Keron, if you get to Prague, do not miss going to the old synagogue, where you will enter an ancient building that whispers of years of pain and torment. The building is so old that the stones are worn following the path that centuries of worshipers took from one room to the next. Can you imagine how long it would have taken to wear them this way? The ‘nave’ (I don’t know the proper Jewish word), is a rectangular room surrounded by a bank of carved seats*** where rabbis and experts in the Talmud presided over decisions affecting the entire community.
Now the building is empty, as is the surrounding Jewish Quarter. They have become tourist attractions, a black theatre of the dead with hardly a single survivor to tell the story of the tens of generations who lived and worked there.

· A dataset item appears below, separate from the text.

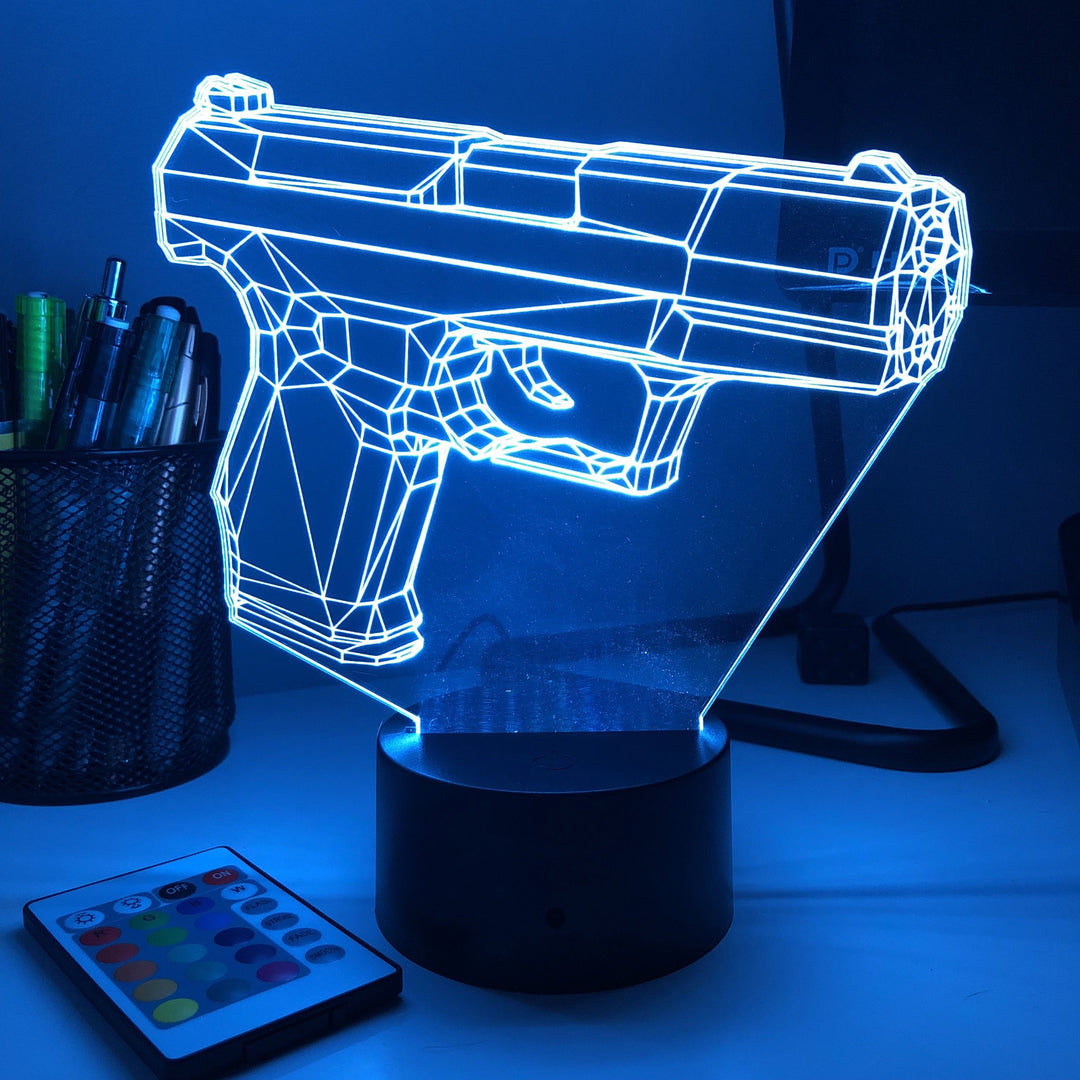 Pistol 10-1 Firearm - 3D Optical Illusion Lamp - carve-craftworks-llc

The Nazis did not do it all; they finished a job begun centuries earlier when periodic expulsions and pogroms whittled away at a vibrant, erudite community.
Each time there is a genocide or a holocaust or whatever neat word you wish to use to describe the blind killing of fellow human beings, we open the door to doing a little more of the unspeakable. Once foes fought hand to hand, and you had to recognize the humanity of your opponent by looking him in the eye. Now, we have efficiencies of killing that are just a computer click away. And each time we advance forward in killing technology, we whittle away at the humanity in us all. Only by looking human history in the eye can we recognize the evil of which we all are capable and nurture the goodness that resides in us all.
***The Spanish have the word, ‘catedra’ for the seats where bishops sat — hence, cathedral. I am sure the Christian catedras are an adoptation of this Jewish arrangement. The word catedra is also used for the seats occupied by professors in Medieval universities. Again, this meeting of the most educated most probably comes from Jewish roots.
Keron and Keron readers:
I’m back, and I feel like James Michner; being paid by the word. I sent my posting above before I had done a final proof reading, and I apologize for the edits that I missed. All of a sudden, I got phone calls and a friend stopped by — a bit of life. I suppose I wanted to post my message before it was lost.
I don’t want to sound so hopeless re humanity; I don’t think that everyone is a potential mass murderer. Of course, there are chemical imbalances, insanity and sociopathology. But, I still think of all those who did not stand up to brutality. They weren’t all insane or sociopaths.
Humility and knowledge is the hope for humanity, and we all need to keep reminding ourselves of the wonderful things that people can do. And to try to do those things ourselves. And if the time comes in our lives to stand up to brutality, that we do it to the best of our abilities with a prayer in our hearts.
Cath
K,
A very awesome, thought provoking blog. Hard to read thru the tears.